• Data excerpt:

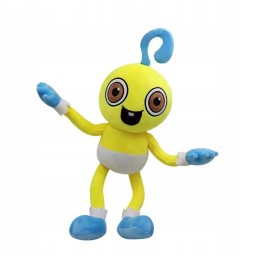 Mommy Long Legs Poppy Playtime Pluszak 45 cm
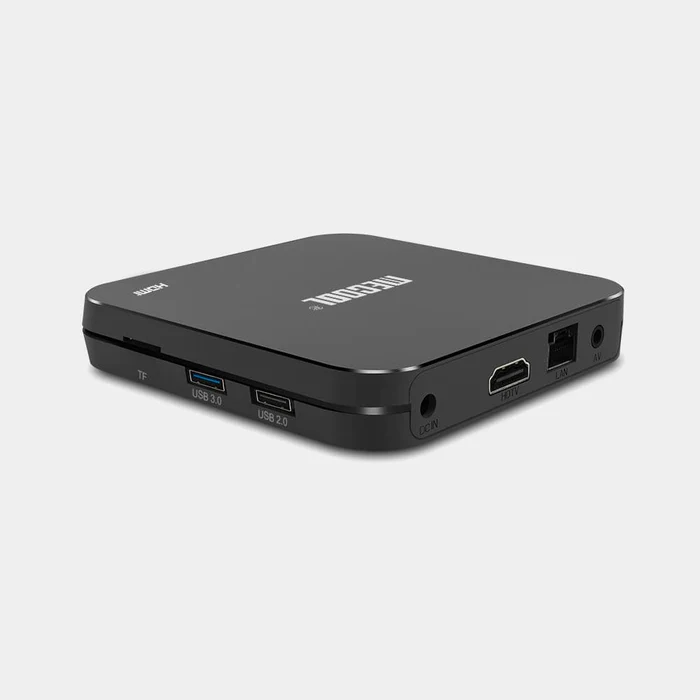 MECOOLKM9PRO_2_7c4bf466-cc72-4684-8ebc-b232d923984c_700x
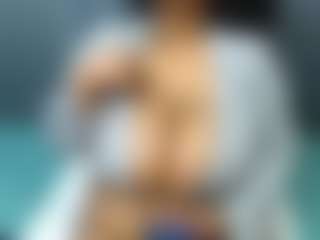 BustyModexx's Live Sex Cam Show
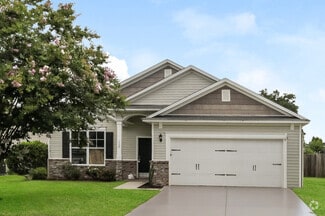 Building Photo - 120 Hyrne Dr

• Aim of the exercise: Please reproduce the data above word for word, skipping all images.

• Response to this task:
 Mommy Long Legs Poppy Playtime Pluszak 45 cm
 MECOOLKM9PRO_2_7c4bf466-cc72-4684-8ebc-b232d923984c_700x
 BustyModexx's Live Sex Cam Show
 Building Photo - 120 Hyrne Dr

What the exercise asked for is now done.